Touré F. Reed, Associate Professor of History, joined the Illinois State University faculty in 2001. Reed is an historian of Afro-American History. His research interests include 20th century black politics and US urban and labor history. He earned a B.A. from Hampshire College and his M.A., M.Phil, and Ph.D. from Columbia University. Dr. Reed has received both a University Teaching Initiative Award (2005-2006) and an outstanding faculty award presented by the Dean of Students (2007). In 2009, Dr. Reed served as the chairperson of the President’s Task Force on Diversity at Illinois State and currently serves as the chairperson of the Editorial Board for Identity: Valuing our Diversity, a University newsletter. Reed was awarded a prestigious Library of Congress Kluge Research Center Postdoctoral Fellowship during the summer of 2010, where he focused his research on New Deal Civil Rights.
Reed is the author of Not Alms But Opportunity: The Urban League and the Politics of Racial Uplift, 1910-1950, (University of North Carolina Press, 2008) and is a co-author of Renewing Black Intellectual History: The Ideological and Material Foundations of Black American Thought (Paradigm Publishers, 2009). Dr. Reed is currently engaged in research for two books: New Deal Civil Rights: Class Consciousness and the Quest for Racial Equality, 1933-1948 and a documents reader entitled Civil Rights and the Fight Against “Social Disorganization:” Underclass Ideology and Liberal Activism and Policy, 1933-2008 that he is co-editing with his Illinois State colleague Dr.

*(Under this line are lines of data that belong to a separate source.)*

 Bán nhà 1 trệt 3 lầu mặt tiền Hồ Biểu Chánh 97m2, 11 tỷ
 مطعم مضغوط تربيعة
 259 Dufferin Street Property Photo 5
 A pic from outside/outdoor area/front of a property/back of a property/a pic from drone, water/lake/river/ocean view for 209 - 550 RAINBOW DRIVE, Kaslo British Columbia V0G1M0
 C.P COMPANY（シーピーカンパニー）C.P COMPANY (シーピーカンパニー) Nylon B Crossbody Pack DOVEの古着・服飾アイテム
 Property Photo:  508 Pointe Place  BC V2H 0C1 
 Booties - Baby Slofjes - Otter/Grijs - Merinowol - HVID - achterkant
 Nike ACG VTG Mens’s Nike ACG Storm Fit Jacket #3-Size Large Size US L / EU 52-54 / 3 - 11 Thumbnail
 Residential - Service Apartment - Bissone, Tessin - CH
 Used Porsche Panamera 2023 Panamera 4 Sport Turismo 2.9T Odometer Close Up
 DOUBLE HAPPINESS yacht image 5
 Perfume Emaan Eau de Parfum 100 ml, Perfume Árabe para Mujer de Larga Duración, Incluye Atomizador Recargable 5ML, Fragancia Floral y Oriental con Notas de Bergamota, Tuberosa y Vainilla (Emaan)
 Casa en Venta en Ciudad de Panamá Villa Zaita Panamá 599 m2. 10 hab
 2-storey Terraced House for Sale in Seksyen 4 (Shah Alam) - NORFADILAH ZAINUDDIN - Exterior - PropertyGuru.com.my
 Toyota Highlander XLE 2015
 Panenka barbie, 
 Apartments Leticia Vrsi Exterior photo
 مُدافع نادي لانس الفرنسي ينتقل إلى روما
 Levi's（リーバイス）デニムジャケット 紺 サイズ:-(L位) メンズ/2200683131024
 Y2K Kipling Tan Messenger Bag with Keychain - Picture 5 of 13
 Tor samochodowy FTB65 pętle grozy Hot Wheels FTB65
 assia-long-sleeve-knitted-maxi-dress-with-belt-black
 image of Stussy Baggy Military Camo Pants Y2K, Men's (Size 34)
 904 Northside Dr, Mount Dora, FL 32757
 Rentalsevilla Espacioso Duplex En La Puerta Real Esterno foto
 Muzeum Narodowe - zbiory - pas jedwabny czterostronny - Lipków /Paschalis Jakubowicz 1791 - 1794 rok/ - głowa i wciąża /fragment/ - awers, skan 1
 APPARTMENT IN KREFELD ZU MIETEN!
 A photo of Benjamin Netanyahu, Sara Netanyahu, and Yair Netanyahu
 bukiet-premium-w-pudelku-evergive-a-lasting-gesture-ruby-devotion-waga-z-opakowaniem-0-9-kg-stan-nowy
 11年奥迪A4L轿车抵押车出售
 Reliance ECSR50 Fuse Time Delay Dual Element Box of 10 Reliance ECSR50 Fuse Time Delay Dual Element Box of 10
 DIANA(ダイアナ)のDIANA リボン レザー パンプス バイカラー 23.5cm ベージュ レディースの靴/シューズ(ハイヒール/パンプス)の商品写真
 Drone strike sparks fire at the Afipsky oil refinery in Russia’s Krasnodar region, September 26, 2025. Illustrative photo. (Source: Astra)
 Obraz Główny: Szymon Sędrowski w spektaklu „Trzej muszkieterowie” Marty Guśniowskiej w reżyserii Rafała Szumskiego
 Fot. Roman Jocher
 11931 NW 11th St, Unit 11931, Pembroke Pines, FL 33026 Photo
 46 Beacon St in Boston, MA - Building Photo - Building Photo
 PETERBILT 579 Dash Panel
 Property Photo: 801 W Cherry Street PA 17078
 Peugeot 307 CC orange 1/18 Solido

Andrew Hartman.
Renewing Black Intellectual History: The Ideological and Material Foundations of Black American Thought was re-released in a paperback edition in March of 2010 by Paradigm Publishers. The volume maps the changing conditions of black political practice and experience from Emancipation to the 2008 presidential election with excursions into the Jim Crow era, Black Power radicalism, and the Reagan revolt. Renewing Black History analyzes in detail the key movements, institutions, and individuals that shaped the lives of black Americans from the Jim Crow era to the Obama era. One of the book’s key goals is to come to terms with the changing terrain of American life in view of major Civil Rights court decisions and legislation.